L’avocate de Christophe G. :« Tout ce qu’a fait mon client, il l’a fait par amour et par ignorance. Monsieur G. est un homme qui essaie de faciliter le quotidien, qui venait vers 20 heures quand il y avait moins de clients, quand il avait fini son travail pour passer un moment avec elle. Ce qui le motive, c’est d’aider madame. Il n'a jamais touché un euro venant d'elle. Il a arrêté l’école en cinquième et a toujours travaillé depuis. Il travaille depuis vingt-six ans à la poste. »

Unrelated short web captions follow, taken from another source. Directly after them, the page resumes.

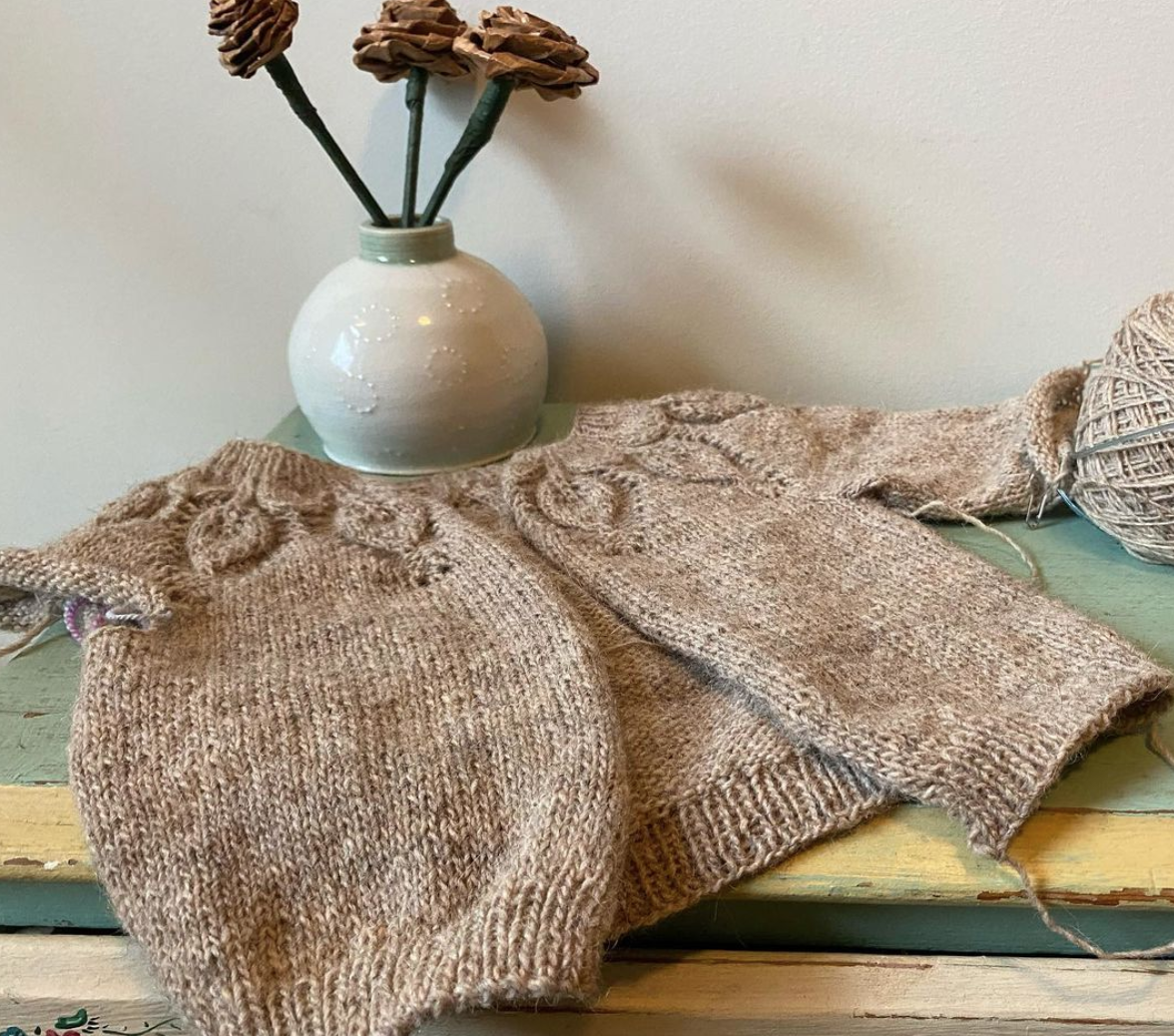 Quince and Co Owlet Baby Sweater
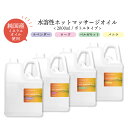 【2点購入で耳そうじ】 &SH 香りが選べる 水溶性 ホットマッサージオイル ウォーターソルブル 2000ml エステ サロン 用 ラベンダー ローズ ベルガモット バニラ 詰め替え用 [ 2L 1L 業務用 キャリアオイル ボディオイル アロマ マッサージ オイル プロ仕様] tg_smc +lt3+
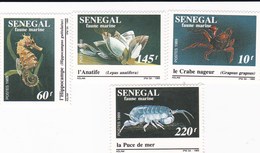 Sénégal YV 828/1 MNH 1989 Vie Marine - Marine Life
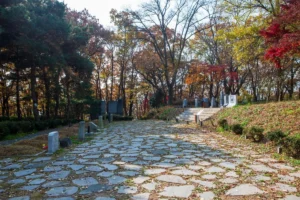 양림동 박물관 (출처 : 한국관광공사)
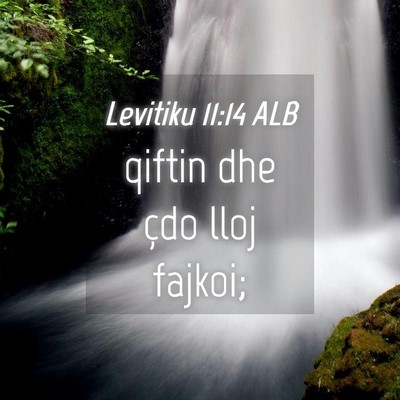 Picture 04 - Levitiku 11:14 ALB - qiftin dhe çdo lloj - Bible Verse Picture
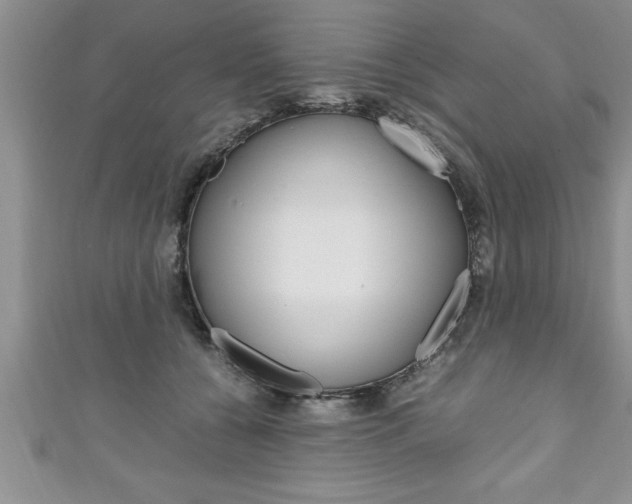 X0000111190560200907011011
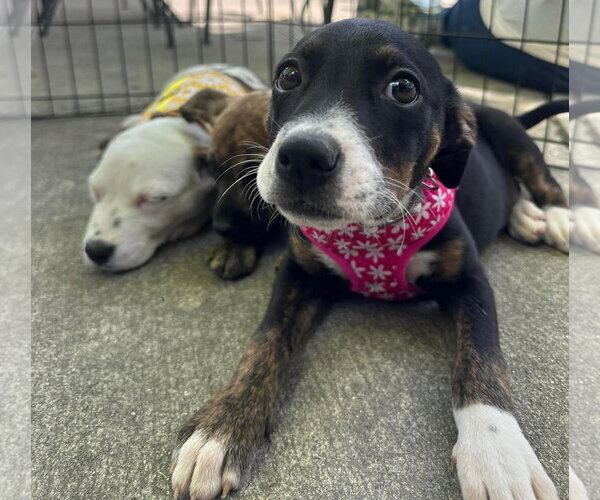 Medium Photo #5 Mountain Cur-Unknown Mix Puppy For Sale in Germantown, OH, USA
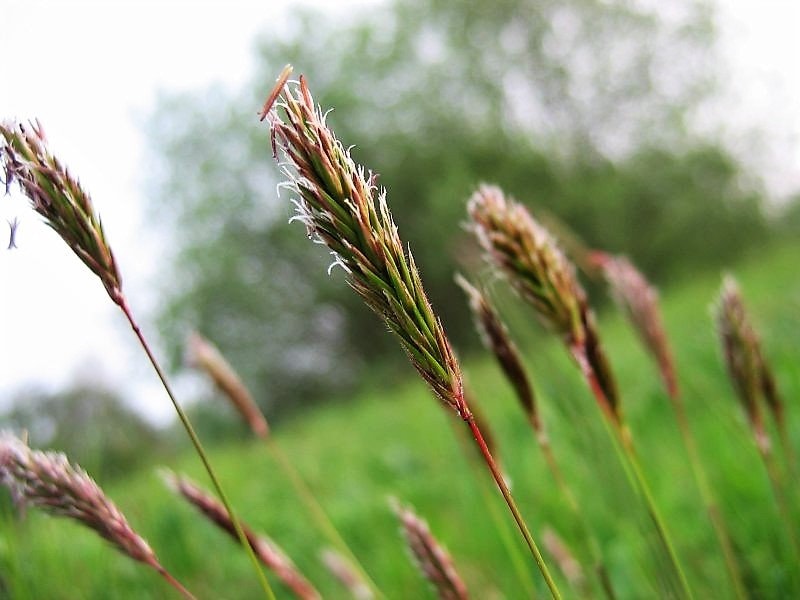150 SWEET VERNAL GRASS Sweet Grass Vanilla Grass Anthoxanthum Odoratum –  Seedville USA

Enfin, l’avocat de monsieur K. se lève : « Je vais être le plus bref possible. Monsieur K est peu scrupuleux mais ce n’est pas une infraction pénale. Il a été léger mais, dans la communauté chinoise, les locations d’appartements ne se font pas dans les usages français ou parisiens. Ce dossier doit être pris avec le prisme des gens qui le composent. La légèreté n’est pas une infraction pénale. »

La présidente donne la parole aux prévenus. May, laconique, indique ne pas avoir d’argent pour payer l’amende ; Christophe G, lui, s’écrie « J’ai fait tout ça par amour ! »

Monsieur K. est relaxé, May et Christophe reconnus coupables et condamnés à trois mois de sursis.

Cinq minutes plus tard, dans l’ascenseur qui redescend, les jeunes époux, elle laissant couler les larmes, lui enjoué et volubile, montrent à leur avocate les photos du grand jour, où ils sont de rouge vêtus comme le veut la tradition chinoise.